11. The CCO of each Division will report directly to the Senior Vice-President, Compliance and will have direct access to the ultimate designated person (UDP) and the board of directors of the Filer.
12. Under section 11.3 of NI 31-103, a registered firm is required to designate an individual to be the CCO (the CCO Requirement).
13. Given the size, diversity and increasing complexity of the Filer's PM Division and IFM/EMD Division, it is (i) unreasonable for one individual to be expected to effectively carry out all of the responsibilities of the CCO for both the PM Division and the IFM/EMD Division, and (ii) difficult for one CCO to effectively identify and stay abreast of the different issues and risks applicable to clients and the capital markets stemming from both the PM Division and the IFM/EMD Division.
14. If the Exemption Sought is granted, each CCO will have direct access to the Filer's UDP, will provide reports to the board of directors of the Filer and will comply in all other respects with applicable securities requirements, including the requirements set out in NI 31-103.
15. With the granting of the Exemption Sought, the Filer would continue its operations with enhanced compliance effectiveness, since one individual would no longer continue to divide his or her time between the compliance oversight of the IFM/EMD Division and the PM Division.

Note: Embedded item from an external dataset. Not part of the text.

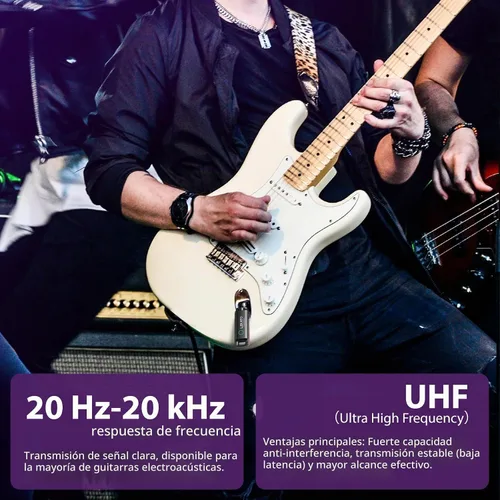 Vista 8 de LEKATO Sistema Inalámbrico de Guitarra UHF Transmisor y Receptor Inalámbrico de Guitarra Recargable Transmisor y Receptor de Audio Inalámbrico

Not granting the Exemption Sought would prevent the CCOs from responding more quickly to address the Filer's compliance issues, providing a higher level of senior participation on the Filer's compliance projects and initiatives, and undertaking more detailed reviews of the Filer's compliance monitoring programs to assist in reducing the risks of non-compliance.
16. In section 5.2 of Companion Policy 31-103CP Registration Requirements, Exemptions and Ongoing Registrant Obligations, the Canadian Securities Administrators state that:
"Firms must designate one CCO. However, in large firms, the scale and kind of activities carried out by different operating divisions may warrant the designation of more than one CCO. We will consider applications, on a case-by-case basis, for different individuals to act as the CCO of a firm's operating divisions."
17. Designating only one CCO for purposes of satisfying the CCO Requirement in the circumstances of the Filer is not consistent with the policy objectives the CCO Requirement is intended to achieve because the PM Division and the IFM/EMD Division are independent operations that are distinct from one another in kind and conducted on a very large scale.
Decision
The principal regulator is satisfied that the decision meets the test set out in the Legislation for the principal regulator to make the decision.
The decision of the principal regulator under the Legislation is that the Exemption Sought is granted provided that:
(a) each Division has its own CCO;
(b) each CCO fulfils the responsibilities set out in section 5.2 of NI 31-103, or any successor provision thereto, in respect of the Division for which he or she is the designated CCO; and
(c) each CCO has access to the UDP and the board of directors of the Filer.